_MATERIAL PROVIDED:_
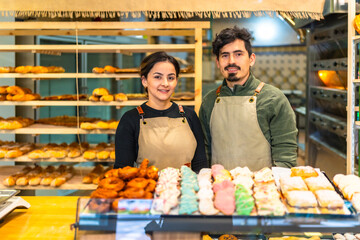 Portrait of a couple of young bakery shop owners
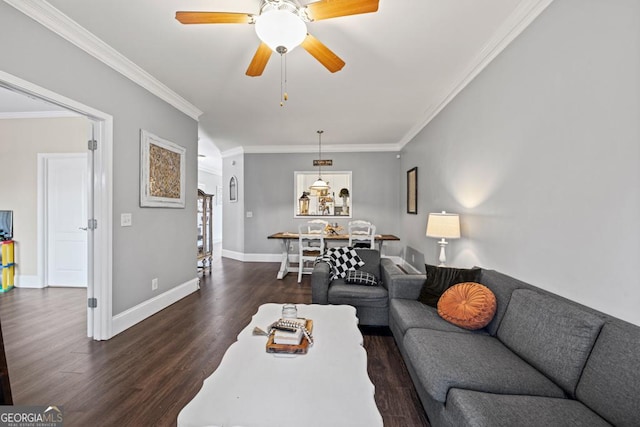 living room featuring dark wood-style floors, ceiling fan, baseboards, and ornamental molding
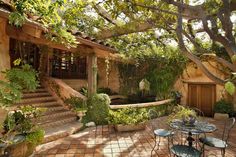 a patio with tables and chairs under a tree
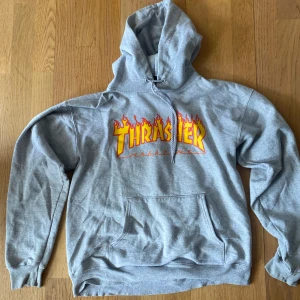 Grå hoodie från Thrasher - Säljer en grå hoodie från Thrasher med den ikoniska loggan i gult och rött med flammor. Tröjan är i bra skick.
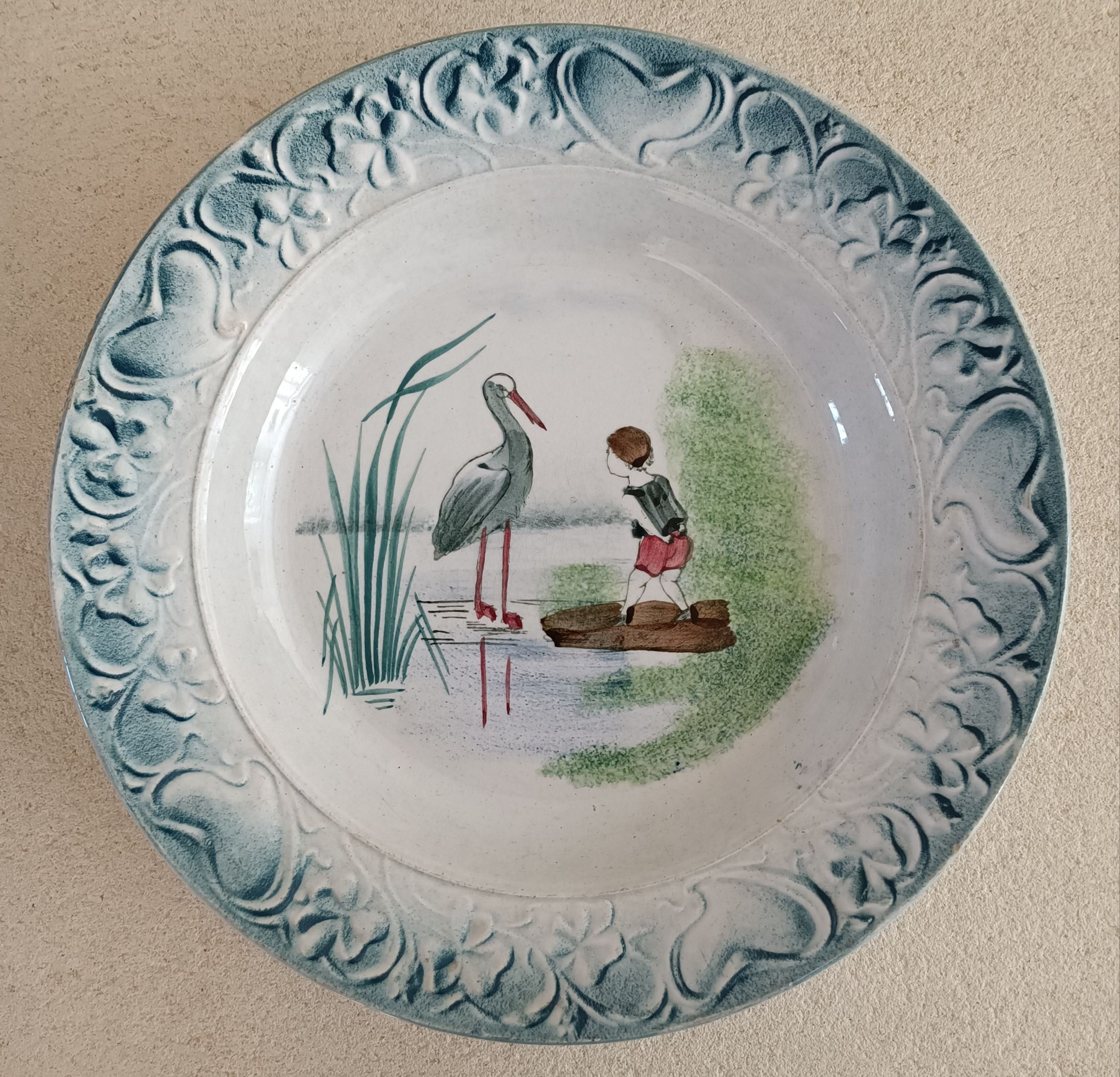 Plat de service terre de fer à décor d'enfant et cigogne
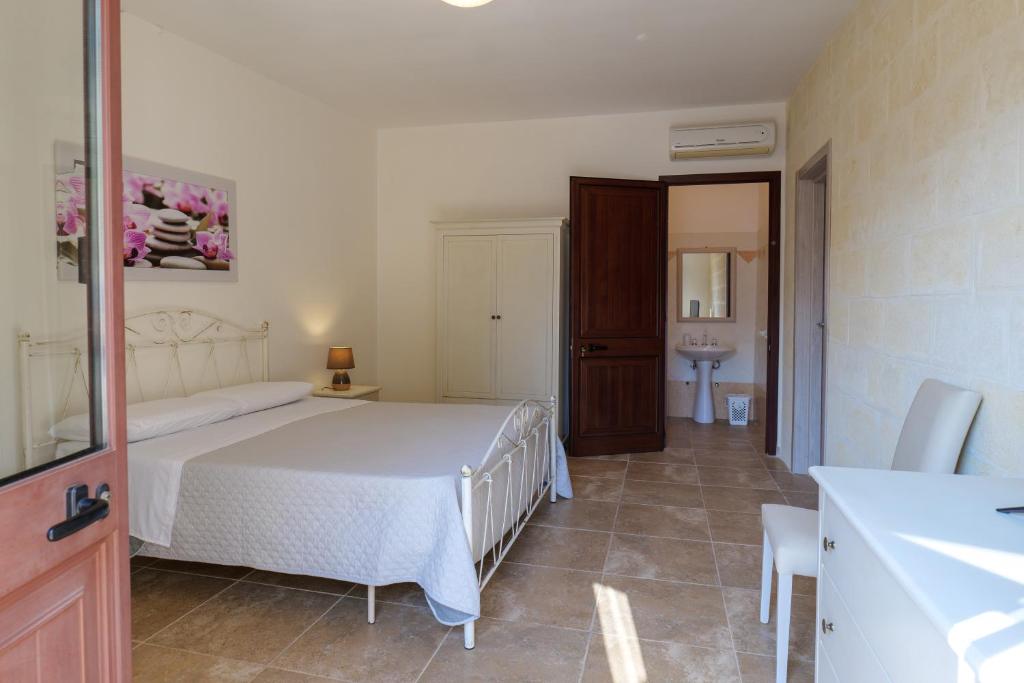 A bed or beds in a room at masseria Furca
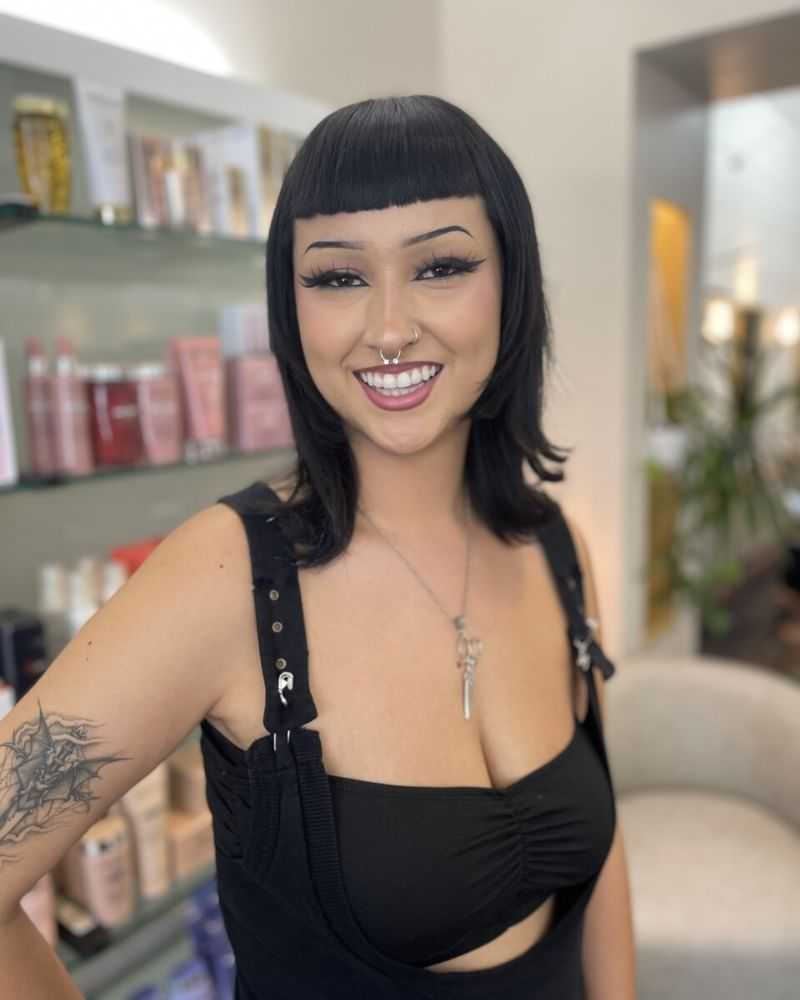 Portrait of MAYA, a professional stylist at 77Salon Inc., showcasing their expertise and style.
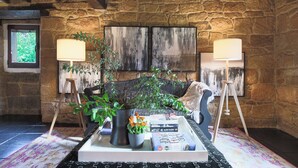 Een gezellige woonkamer met een stenen muur, een bank, twee vloerlampen, een bijzettafeltje met boeken en een plant, en een raam met uitzicht op groen.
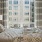 Bedrom with queen sized bed, two nightstands and big window overlooking courtyard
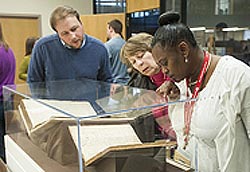 [photo, Research Archivist Tanner Sparks explaining rare documents on exhibit, Maryland Day Open House, State Archives, Annapolis, Maryland, March 2014]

_WORK TASK:_
The answer must be an exact copy of every record above, minus the pictures.

_WRITTEN RESPONSE:_
 Portrait of a couple of young bakery shop owners
 living room featuring dark wood-style floors, ceiling fan, baseboards, and ornamental molding
 a patio with tables and chairs under a tree
 Grå hoodie från Thrasher - Säljer en grå hoodie från Thrasher med den ikoniska loggan i gult och rött med flammor. Tröjan är i bra skick.
 Plat de service terre de fer à décor d'enfant et cigogne
 A bed or beds in a room at masseria Furca
 Portrait of MAYA, a professional stylist at 77Salon Inc., showcasing their expertise and style.
 Een gezellige woonkamer met een stenen muur, een bank, twee vloerlampen, een bijzettafeltje met boeken en een plant, en een raam met uitzicht op groen.
 Bedrom with queen sized bed, two nightstands and big window overlooking courtyard
 [photo, Research Archivist Tanner Sparks explaining rare documents on exhibit, Maryland Day Open House, State Archives, Annapolis, Maryland, March 2014]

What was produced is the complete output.